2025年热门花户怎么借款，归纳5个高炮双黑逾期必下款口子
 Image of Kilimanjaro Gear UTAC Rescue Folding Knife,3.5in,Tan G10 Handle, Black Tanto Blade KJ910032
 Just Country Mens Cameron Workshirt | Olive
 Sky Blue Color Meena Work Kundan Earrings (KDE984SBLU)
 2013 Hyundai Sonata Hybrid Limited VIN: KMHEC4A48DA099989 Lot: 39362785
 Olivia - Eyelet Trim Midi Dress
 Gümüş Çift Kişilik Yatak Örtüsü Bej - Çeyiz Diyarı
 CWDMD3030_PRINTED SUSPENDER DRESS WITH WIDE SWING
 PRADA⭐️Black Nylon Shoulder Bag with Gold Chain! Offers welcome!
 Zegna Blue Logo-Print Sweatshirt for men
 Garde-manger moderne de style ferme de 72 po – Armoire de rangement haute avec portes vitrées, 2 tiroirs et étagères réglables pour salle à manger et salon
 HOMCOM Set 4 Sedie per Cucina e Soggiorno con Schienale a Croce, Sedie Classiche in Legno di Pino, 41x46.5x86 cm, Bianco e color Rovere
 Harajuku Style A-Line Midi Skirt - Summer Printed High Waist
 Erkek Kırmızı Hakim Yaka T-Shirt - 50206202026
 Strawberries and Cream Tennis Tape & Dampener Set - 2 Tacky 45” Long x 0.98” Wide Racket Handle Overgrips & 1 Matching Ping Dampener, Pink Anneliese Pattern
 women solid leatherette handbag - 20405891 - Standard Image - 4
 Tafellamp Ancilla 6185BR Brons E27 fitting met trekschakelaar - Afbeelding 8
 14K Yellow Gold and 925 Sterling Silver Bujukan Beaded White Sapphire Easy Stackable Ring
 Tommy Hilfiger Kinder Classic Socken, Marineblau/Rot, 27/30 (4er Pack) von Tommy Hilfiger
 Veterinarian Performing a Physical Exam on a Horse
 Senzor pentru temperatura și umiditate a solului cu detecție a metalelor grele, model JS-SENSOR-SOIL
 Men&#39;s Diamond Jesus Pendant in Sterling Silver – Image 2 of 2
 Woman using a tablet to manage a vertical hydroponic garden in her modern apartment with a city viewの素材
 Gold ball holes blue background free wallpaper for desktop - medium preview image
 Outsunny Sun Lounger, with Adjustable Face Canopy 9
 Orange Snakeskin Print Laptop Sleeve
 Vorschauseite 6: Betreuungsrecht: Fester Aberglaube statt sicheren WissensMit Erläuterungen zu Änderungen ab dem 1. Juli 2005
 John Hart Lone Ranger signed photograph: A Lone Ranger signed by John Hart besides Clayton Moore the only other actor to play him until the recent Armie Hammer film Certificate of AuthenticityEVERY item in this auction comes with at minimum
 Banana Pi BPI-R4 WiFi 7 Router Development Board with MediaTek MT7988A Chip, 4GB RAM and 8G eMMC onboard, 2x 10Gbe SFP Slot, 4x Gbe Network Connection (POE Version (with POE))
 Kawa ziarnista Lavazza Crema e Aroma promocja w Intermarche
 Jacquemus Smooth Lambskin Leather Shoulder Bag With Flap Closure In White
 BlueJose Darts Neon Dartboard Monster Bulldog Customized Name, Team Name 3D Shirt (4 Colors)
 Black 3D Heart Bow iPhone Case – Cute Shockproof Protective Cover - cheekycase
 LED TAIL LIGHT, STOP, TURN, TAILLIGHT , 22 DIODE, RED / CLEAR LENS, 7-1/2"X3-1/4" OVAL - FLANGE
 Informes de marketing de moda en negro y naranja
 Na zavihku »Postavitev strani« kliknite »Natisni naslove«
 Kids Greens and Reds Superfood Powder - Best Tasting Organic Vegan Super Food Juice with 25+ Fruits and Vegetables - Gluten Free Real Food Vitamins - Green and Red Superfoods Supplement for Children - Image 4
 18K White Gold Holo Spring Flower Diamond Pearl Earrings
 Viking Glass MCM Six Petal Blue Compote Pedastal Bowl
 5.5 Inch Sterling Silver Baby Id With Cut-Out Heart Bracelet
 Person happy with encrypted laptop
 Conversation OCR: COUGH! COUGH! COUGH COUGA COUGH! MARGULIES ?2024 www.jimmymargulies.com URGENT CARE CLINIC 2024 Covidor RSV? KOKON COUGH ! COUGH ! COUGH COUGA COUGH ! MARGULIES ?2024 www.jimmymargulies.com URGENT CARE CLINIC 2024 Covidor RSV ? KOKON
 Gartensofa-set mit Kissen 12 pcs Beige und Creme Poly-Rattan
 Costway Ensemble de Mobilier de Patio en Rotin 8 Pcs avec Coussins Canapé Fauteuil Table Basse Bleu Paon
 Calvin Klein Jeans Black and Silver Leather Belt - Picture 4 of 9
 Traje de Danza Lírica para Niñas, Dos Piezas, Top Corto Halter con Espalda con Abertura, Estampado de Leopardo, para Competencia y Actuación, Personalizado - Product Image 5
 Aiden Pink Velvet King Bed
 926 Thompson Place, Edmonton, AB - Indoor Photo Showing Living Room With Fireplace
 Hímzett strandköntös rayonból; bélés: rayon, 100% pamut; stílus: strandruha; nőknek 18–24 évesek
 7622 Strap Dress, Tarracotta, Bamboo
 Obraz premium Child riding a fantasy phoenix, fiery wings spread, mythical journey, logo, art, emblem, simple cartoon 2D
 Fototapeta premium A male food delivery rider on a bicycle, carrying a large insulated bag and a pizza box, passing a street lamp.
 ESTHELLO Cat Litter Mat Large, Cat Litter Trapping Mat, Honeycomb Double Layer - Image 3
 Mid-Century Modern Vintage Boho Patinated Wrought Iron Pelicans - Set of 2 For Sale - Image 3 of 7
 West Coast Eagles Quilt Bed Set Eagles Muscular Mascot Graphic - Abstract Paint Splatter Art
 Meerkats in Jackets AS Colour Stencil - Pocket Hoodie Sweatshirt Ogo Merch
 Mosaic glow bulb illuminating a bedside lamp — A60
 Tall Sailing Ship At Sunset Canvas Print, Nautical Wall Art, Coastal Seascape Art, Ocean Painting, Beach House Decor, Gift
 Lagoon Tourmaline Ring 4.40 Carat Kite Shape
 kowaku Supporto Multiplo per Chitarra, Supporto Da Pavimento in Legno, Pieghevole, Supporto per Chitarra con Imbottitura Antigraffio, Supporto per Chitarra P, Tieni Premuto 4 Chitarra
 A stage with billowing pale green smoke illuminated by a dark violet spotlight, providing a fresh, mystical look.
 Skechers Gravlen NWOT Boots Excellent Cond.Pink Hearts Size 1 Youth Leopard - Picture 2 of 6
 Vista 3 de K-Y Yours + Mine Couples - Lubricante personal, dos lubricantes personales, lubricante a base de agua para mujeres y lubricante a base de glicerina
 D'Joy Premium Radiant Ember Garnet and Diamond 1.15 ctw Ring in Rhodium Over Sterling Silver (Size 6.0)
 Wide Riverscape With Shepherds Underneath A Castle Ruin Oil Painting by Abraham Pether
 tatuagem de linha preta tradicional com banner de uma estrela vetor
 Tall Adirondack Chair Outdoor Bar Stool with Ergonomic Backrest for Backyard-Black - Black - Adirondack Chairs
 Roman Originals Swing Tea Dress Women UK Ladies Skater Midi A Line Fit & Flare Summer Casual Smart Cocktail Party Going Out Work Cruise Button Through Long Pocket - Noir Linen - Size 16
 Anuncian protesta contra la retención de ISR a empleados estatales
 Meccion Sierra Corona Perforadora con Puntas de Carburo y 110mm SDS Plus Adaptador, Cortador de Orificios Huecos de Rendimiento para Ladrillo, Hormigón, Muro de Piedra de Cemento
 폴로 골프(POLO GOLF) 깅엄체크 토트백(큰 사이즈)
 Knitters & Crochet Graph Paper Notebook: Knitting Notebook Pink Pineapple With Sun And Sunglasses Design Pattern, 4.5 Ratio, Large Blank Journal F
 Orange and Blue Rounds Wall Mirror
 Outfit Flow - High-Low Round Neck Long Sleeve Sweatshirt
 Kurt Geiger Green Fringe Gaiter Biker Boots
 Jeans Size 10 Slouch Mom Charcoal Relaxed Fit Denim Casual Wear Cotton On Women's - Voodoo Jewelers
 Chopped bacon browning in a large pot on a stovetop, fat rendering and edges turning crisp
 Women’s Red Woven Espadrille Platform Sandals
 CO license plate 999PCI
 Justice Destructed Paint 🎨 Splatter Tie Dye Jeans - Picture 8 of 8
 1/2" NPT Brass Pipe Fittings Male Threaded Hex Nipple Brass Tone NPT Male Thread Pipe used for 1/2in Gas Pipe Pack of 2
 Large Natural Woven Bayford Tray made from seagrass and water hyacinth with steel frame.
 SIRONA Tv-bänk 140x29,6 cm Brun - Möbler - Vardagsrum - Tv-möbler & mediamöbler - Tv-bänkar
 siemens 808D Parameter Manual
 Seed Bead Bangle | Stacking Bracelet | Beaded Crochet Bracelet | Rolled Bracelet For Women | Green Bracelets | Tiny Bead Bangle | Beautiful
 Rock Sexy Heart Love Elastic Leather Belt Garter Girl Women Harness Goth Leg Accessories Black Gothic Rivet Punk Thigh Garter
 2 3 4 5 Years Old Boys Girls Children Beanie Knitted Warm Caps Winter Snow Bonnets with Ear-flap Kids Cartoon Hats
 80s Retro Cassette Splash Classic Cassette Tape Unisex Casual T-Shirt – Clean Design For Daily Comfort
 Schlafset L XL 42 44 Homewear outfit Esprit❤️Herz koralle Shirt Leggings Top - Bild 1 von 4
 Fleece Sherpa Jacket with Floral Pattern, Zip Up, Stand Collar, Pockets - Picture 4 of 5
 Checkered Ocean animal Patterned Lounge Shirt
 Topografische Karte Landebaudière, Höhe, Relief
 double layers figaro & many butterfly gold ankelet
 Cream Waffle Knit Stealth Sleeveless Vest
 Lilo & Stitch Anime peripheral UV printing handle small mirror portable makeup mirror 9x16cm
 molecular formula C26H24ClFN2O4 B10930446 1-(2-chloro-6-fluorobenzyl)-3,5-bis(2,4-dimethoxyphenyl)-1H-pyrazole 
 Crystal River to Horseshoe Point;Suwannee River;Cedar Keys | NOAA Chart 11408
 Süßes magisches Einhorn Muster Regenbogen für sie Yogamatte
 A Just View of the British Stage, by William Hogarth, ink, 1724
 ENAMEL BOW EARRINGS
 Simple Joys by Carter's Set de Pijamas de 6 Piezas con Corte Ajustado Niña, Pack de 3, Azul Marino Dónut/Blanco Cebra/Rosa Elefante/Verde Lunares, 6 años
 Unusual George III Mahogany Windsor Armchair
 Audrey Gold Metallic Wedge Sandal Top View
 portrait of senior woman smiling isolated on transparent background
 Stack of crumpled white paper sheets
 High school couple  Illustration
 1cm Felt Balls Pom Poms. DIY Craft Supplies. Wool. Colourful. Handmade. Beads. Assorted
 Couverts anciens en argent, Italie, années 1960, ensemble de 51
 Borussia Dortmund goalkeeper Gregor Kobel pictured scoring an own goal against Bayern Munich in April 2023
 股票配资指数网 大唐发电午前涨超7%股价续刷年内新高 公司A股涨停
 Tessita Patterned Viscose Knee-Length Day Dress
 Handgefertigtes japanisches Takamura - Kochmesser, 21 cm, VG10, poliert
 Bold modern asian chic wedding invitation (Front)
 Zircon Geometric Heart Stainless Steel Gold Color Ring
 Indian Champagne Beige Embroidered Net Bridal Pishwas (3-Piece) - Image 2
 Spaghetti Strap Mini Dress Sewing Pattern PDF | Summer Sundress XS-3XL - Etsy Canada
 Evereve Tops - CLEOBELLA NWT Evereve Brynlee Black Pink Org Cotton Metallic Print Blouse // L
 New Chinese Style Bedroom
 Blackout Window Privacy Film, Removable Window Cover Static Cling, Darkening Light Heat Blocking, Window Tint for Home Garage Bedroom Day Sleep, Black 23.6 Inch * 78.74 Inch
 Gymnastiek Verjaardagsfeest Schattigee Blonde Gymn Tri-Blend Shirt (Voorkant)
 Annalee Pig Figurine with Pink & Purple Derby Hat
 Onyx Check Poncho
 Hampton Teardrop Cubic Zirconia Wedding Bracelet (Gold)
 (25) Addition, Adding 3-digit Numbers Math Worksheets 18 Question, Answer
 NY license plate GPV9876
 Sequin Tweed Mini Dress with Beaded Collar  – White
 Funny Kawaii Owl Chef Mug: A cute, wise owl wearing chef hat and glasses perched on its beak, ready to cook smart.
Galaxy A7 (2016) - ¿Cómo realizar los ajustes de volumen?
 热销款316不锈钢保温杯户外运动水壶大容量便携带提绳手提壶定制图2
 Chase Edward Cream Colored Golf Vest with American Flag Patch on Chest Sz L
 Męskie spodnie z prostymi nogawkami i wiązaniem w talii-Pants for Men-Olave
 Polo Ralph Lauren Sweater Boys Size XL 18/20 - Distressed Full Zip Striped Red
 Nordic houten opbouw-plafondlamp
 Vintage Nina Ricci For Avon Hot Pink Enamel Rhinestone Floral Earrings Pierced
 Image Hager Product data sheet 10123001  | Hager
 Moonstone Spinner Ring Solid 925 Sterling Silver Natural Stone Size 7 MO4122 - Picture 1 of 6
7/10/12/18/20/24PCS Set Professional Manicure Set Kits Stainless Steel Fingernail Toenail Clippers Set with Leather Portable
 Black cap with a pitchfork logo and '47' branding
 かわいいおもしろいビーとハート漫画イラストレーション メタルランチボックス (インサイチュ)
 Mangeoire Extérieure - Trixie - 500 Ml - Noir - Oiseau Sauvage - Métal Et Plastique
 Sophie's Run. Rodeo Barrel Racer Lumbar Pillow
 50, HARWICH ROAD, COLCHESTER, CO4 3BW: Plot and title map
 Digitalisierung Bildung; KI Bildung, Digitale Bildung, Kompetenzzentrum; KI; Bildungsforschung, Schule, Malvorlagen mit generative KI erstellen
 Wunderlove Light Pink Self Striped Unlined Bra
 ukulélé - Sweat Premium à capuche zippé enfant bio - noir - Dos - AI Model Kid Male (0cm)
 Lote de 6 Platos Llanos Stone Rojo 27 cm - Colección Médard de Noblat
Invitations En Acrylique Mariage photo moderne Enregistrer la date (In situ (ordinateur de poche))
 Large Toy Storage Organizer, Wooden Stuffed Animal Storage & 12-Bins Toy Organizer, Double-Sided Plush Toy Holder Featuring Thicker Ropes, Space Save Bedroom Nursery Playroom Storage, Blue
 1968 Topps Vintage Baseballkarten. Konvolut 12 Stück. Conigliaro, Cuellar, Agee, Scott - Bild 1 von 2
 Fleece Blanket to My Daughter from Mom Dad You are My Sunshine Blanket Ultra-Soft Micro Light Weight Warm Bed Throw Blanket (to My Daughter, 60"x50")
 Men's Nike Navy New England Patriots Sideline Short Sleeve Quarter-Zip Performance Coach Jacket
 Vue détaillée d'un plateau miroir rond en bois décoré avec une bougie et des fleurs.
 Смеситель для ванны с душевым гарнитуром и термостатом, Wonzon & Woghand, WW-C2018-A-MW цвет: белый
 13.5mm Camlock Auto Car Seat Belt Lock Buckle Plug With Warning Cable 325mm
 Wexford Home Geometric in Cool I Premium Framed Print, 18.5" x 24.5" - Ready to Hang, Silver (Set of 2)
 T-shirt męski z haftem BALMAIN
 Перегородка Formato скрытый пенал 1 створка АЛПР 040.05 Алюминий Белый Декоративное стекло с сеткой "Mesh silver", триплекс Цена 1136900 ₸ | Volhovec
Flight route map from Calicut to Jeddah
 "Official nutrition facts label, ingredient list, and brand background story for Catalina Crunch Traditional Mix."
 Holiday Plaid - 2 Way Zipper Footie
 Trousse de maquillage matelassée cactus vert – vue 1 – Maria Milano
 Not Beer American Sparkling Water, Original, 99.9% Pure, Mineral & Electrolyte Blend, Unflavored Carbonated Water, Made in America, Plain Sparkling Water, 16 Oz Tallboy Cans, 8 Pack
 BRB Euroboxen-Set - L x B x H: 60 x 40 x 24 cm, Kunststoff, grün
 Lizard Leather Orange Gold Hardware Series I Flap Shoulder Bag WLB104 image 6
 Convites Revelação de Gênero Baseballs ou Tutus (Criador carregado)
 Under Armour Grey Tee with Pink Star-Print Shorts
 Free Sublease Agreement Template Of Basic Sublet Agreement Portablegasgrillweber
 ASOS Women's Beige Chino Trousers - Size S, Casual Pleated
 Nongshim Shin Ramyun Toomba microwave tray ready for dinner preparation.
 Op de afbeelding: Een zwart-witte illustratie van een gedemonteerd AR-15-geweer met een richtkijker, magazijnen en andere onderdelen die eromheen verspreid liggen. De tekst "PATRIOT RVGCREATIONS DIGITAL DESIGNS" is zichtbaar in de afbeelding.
* * *
_DESCRIPTION OF THE TASK_
Precisely the lines between those holding "Schlafset L XL" and "Evereve Tops - CLEOBELLA", inclusive, are to be reproduced from the listing above, with nothing added.

_RESPONSE_
 Schlafset L XL 42 44 Homewear outfit Esprit❤️Herz koralle Shirt Leggings Top - Bild 1 von 4
 Fleece Sherpa Jacket with Floral Pattern, Zip Up, Stand Collar, Pockets - Picture 4 of 5
 Checkered Ocean animal Patterned Lounge Shirt
 Topografische Karte Landebaudière, Höhe, Relief
 double layers figaro & many butterfly gold ankelet
 Cream Waffle Knit Stealth Sleeveless Vest
 Lilo & Stitch Anime peripheral UV printing handle small mirror portable makeup mirror 9x16cm
 molecular formula C26H24ClFN2O4 B10930446 1-(2-chloro-6-fluorobenzyl)-3,5-bis(2,4-dimethoxyphenyl)-1H-pyrazole 
 Crystal River to Horseshoe Point;Suwannee River;Cedar Keys | NOAA Chart 11408
 Süßes magisches Einhorn Muster Regenbogen für sie Yogamatte
 A Just View of the British Stage, by William Hogarth, ink, 1724
 ENAMEL BOW EARRINGS
 Simple Joys by Carter's Set de Pijamas de 6 Piezas con Corte Ajustado Niña, Pack de 3, Azul Marino Dónut/Blanco Cebra/Rosa Elefante/Verde Lunares, 6 años
 Unusual George III Mahogany Windsor Armchair
 Audrey Gold Metallic Wedge Sandal Top View
 portrait of senior woman smiling isolated on transparent background
 Stack of crumpled white paper sheets
 High school couple  Illustration
 1cm Felt Balls Pom Poms. DIY Craft Supplies. Wool. Colourful. Handmade. Beads. Assorted
 Couverts anciens en argent, Italie, années 1960, ensemble de 51
 Borussia Dortmund goalkeeper Gregor Kobel pictured scoring an own goal against Bayern Munich in April 2023
 股票配资指数网 大唐发电午前涨超7%股价续刷年内新高 公司A股涨停
 Tessita Patterned Viscose Knee-Length Day Dress
 Handgefertigtes japanisches Takamura - Kochmesser, 21 cm, VG10, poliert
 Bold modern asian chic wedding invitation (Front)
 Zircon Geometric Heart Stainless Steel Gold Color Ring
 Indian Champagne Beige Embroidered Net Bridal Pishwas (3-Piece) - Image 2
 Spaghetti Strap Mini Dress Sewing Pattern PDF | Summer Sundress XS-3XL - Etsy Canada
 Evereve Tops - CLEOBELLA NWT Evereve Brynlee Black Pink Org Cotton Metallic Print Blouse // L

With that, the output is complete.